“Do the Mets have a chance?” I anxiously asked Mom.
“I don’t think so,” she answered, deflating my hopes.
It was late August 1969 and the team was six games behind the Chicago Cubs. That fall I started fifth grade at Bentley, an Upper East Side private school school, where learning disabilities landed me in the dumb class. It was officially Mr. Reynold’s class, but we all understood the track system.
It was the first year that tests were part of the curriculum, and I failed the initial history exam. From then on I frequently suffered stomach aches.
I escaped the pressure during recess, when we played softball in Central Park against the smart class. I often struck out, but once I powered a homer over the park benches that ringed our makeshift outfield. Much like the pre-1969 Mets — who had never finished higher than ninth place — we went winless.
While we continued losing, our Major League counterparts went on a long hot streak. Dad had no interest in sports, but Mom appreciated baseball from attending games during childhood. Watching the Mets became a nightly ritual for us.
“It’s a grounder to short. This could be it. One, two, the game is over and the Mets are the champs!” I remember the announcer saying, as the Mets clinched their division with a game-ending double play. Mom wrapped an arm around my shoulder to pull me close, as I cheered wildly.
“Can the Mets win it all?” I breathlessly asked.
“Anything is possible,” she said.
In Mr. Reynold’s class we saw our softball games and the drama unfolding in Queens as a single phenomenon — a test of the universe’s sympathy for the underdog. We challenged the smart class to a best-of-three softball playoff. Our teachers promised to buy the winners banana splits, so we called our series the Banana Split League.
The Mets won the National League playoff, putting them in the World Series. They would play the heavily favored Baltimore Orioles.
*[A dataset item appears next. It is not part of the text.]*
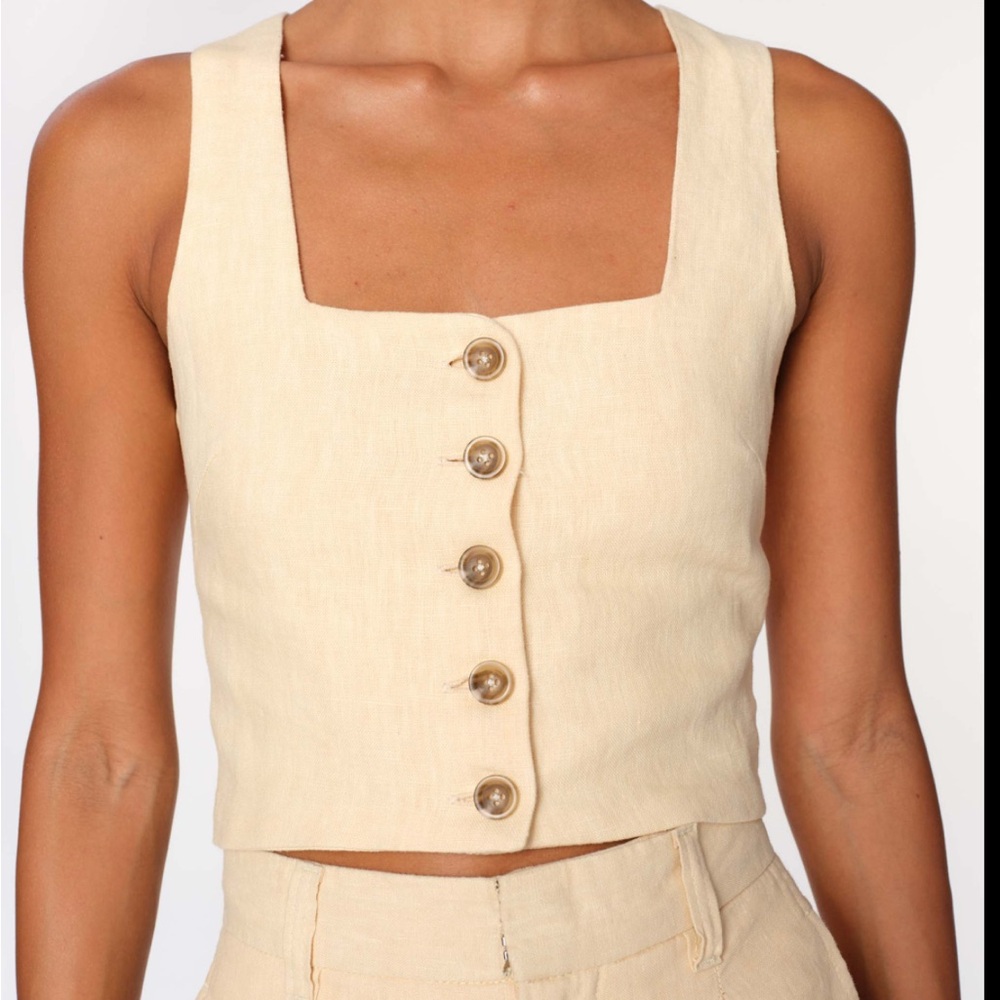 🌴3/$15🌴Elegant Beige Button-Down Women's Tank Top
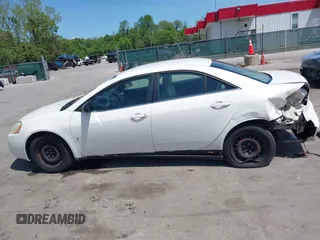2008 Pontiac G6 1SV Value Leader z VIN 1G2ZF57B184150315, wystawiony jako IAAI lot #42155646 z przebiegiem 350 654 mil mil oraz . Historia ofert i sprzedaży dostępna na DreamBid. Obrazek 14.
The Mets lost Game One, making me doubt that they could complete their David versus Goliath scenario.
“It’s not over yet,” Mom said, when I admitted my despair.
My classmates and I also started poorly, losing the Banana Split League opener. We remained upbeat. “If the Mets can do it, so can we,” we said before Game Two.
Our leadoff hitter smacked a home run on the first pitch, as we won in a rout. We hugged each other after the game, just like the Mets did after winning the pennant.
The World Series was mostly played during school hours. Incredibly, our teachers brought a television into the classroom for the games.
In Game Three, center-fielder Tom Agee made two remarkable catches, saving the game for the Mets. During the first catch the ball stuck out over the top of his glove’s webbing — snow-cone-style — but Agee held on, causing our classroom to explode into cheers.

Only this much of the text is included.